На разрушительной критике множества теорий права, нравственности и государства, теорий общества и общественной жизни Петражицкий основывал новую психологическую теорию этих явлений. Критика профессора не замыкалась в рамках только общественных наук — она разрушала также основные понятия психологии, логики, философии и других дисциплин. И тот, кто в своей голове имел строгий контроль мысли, мог бы живо почувствовать в себе процесс ломки одних и рождения других взглядов на жизнь и её философию. Когда профессор Петражицкий только что начал свою лекцию, индекс моей симпатии к нему немногим отличался от нуля, но по мере развёртывания мыслей эта симпатия увеличивалась, а к концу лекции она достигла апогея, и я почувствовал блеснувшую в сознании мысль: "Это настоящий гений!" Профессор покинул аудиторию под долго не смолкавшие аплодисменты. В дальнейшем, до конца семестра, я регулярно, без пропуска слушал лекции этого замечательного человека, о котором придётся говорить ещё немало».

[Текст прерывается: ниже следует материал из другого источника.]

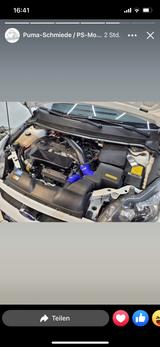 Ford Focus 2,5 RS RS - Ford Focus aus 2010: RS
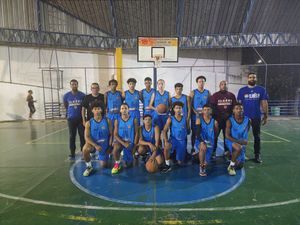 Projeto Ilhéus Basquetebol - BASE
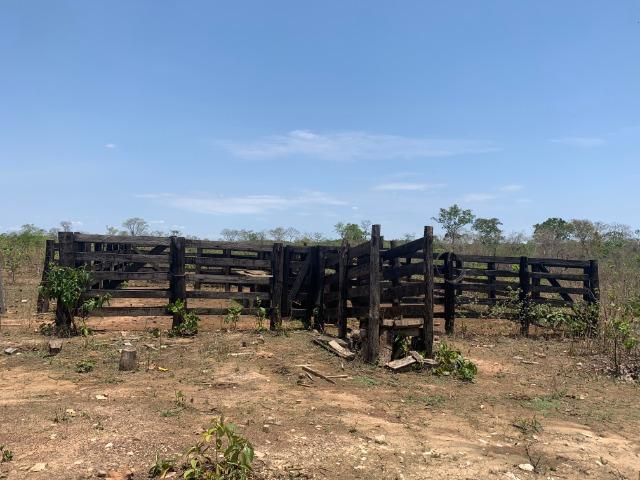 Vendo Sitio / Chácara 72 hectares, Pecuária ou lavoura, Casa, energia, Agua, Nobres - Foto 13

Профессор Лев Иосифович Петражицкий для Амазаспа Асатуровича был кумиром. Он досконально изучил оригинальные научные труды Петражицкого по «Теории права и нравственности» и успешно пользовался ею в своей научной работе, при воспитании детей и в жизненной практике. С его трудами он воодушевленно ознакомил своих детей и внуков. Виктор Амазаспович вспоминает: «Товарищи моего отца рассказывали мне, что отец настолько был вдохновлён теорией Петражицкого, что благоговейно слушал его лекции стоя. Прослушав тот или иной предмет, он не удовлетворялся сдачей экзамена, но ещё раз посещал тот же самый курс и снова сдавал экзамен. Для него Петражицкий был богом». К большому сожалению, его великолепные научные работы почти забыты не только юристами, но и психологами. А ведь сейчас лекторам современных университетов как было бы полезно заглянуть в его бессмертный труд — «Университет и наука» (Санкт-Петербург, 1907), где анализируется психологический процесс передачи научных знаний от профессоров к студентам. Как были бы полезны профессорам те предостережения, которые напоминают, что передача научных знаний — это не передача конгломерата позитивных знаний, а тончайший эмоционально-психологический процесс. Петражицкий после революции переехал в Варшаву. Умер в 1930-х годах и был похоронен в Варшаве. В 1960-х годах Виктор Амазаспович, находясь в научной командировке на родине Петражицкого, вместе с женой посетил его могилу. К его сожалению, и на родине не очень-то помнили Петражицкого и были очень удивлены, как профессионально Виктор Амазаспович осведомлён о научном наследии их соотечественника.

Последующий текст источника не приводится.